The Downstream Impact: Clinical and Financial Alignment
When academic medical centers build systematic pancreatic cyst surveillance programs, several things happen simultaneously. Patient outcomes improve as early-stage disease is caught when intervention is most effective. Clinical teams work more efficiently, focusing expertise on complex cases rather than manual tracking. The financial impact is substantial. Retaining and appropriately managing these patients within an AMC's network generates significant downstream revenue while providing genuinely better care.

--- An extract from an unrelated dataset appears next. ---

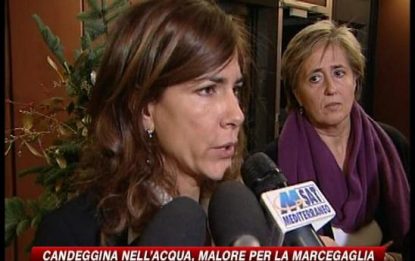 Malore Marcegaglia, i Nas: "Colpa della candeggina"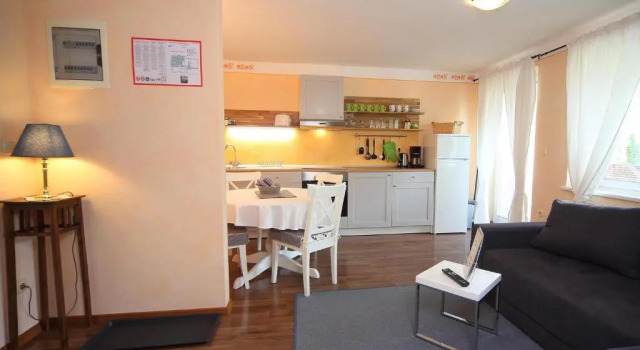 Апартаменты c 1 комнатой с балконом Vila Edelweiss Rooms&App Kranjska Gora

A health system managing several thousand surveillance patients can expect substantial annual revenue from imaging, specialist consultations, procedures, and when necessary, surgical intervention. These are patients who already need care and are already in your system. The question is whether you have the infrastructure to provide that care systematically and well, or whether patients slip through gaps in manual processes until they present with late-stage disease.

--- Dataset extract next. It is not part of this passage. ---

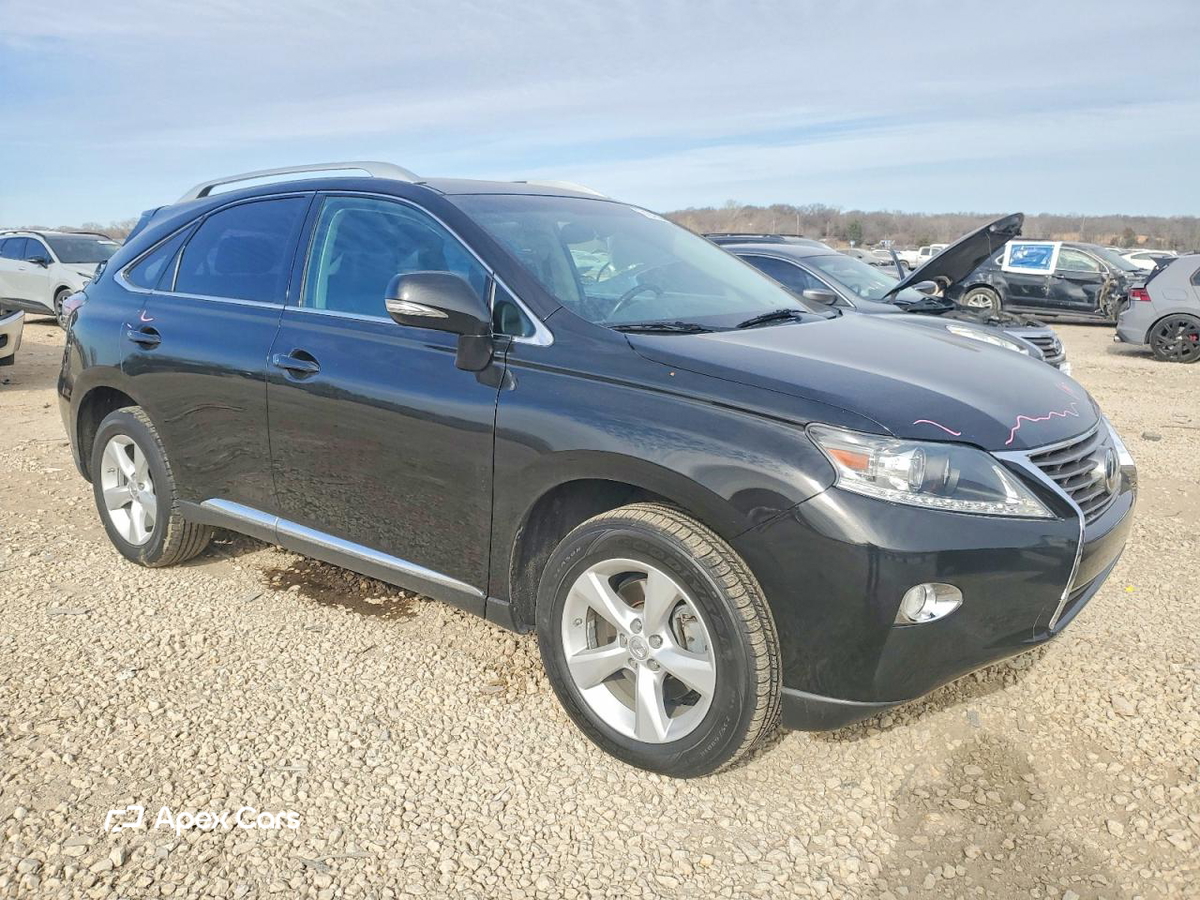 Lexus RX 2015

Building scalable surveillance infrastructure allows AMCs to deliver the standard of care they already aspire to provide, while capturing care that would otherwise fragment across the community or be delayed until outcomes are worse and treatment is more complex.

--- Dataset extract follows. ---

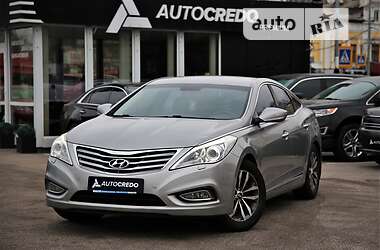 Седан Hyundai Grandeur 2012 в Харькове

Moving from Aspiration to Implementation
Most AMCs already have some form of pancreatic surveillance program: a committed clinical champion, a nurse navigator, a referral pathway. What's often missing is the technological infrastructure to make that program truly systematic and scalable. The gap between "we manage high-risk pancreatic cysts" and "we systematically identify and manage all appropriate patients" is the difference between a pilot program and a comprehensive service line.
As health systems evaluate how to build this infrastructure, several considerations matter more than others. The technology must be purpose-built for this clinical application. Generic care management tools typically lack the condition-specific intelligence required for accurate identification and risk stratification. Implementation requires genuine partnership between technology vendors and clinical teams to adapt evidence-based guidelines to an organization's specific workflows and culture of medicine. And the solution must integrate deeply enough with existing systems to automate administrative burden, not just add new dashboards that still require manual oversight.
The opportunity in pancreatic cancer care is systematizing and scaling what AMCs already do well, ensuring that clinical expertise and evidence-based protocols reach every patient who needs them, not just those who happen to navigate the right pathway.
Health systems interested in exploring systematic approaches to pancreatic cyst surveillance should consider beginning with an assessment of current identification rates, care pathway consistency, and patient retention through the surveillance continuum. Understanding where patients currently fall out of systematic management is the first step toward building an infrastructure that closes those gaps.
References
- Scheiman JM, et al. American Gastroenterological Association Technical Review on the Diagnosis and Management of Asymptomatic Neoplastic Pancreatic Cysts. Gastroenterology. 2015;148(4):824-848.e22.
- American Cancer Society. Cancer Facts & Figures 2025. Atlanta: American Cancer Society; 2025.
- Li Y, Zhang X. Pancreatic cancer in young adults - an evolving entity? American Journal of Cancer Research. 2023;13(7):2763–2772.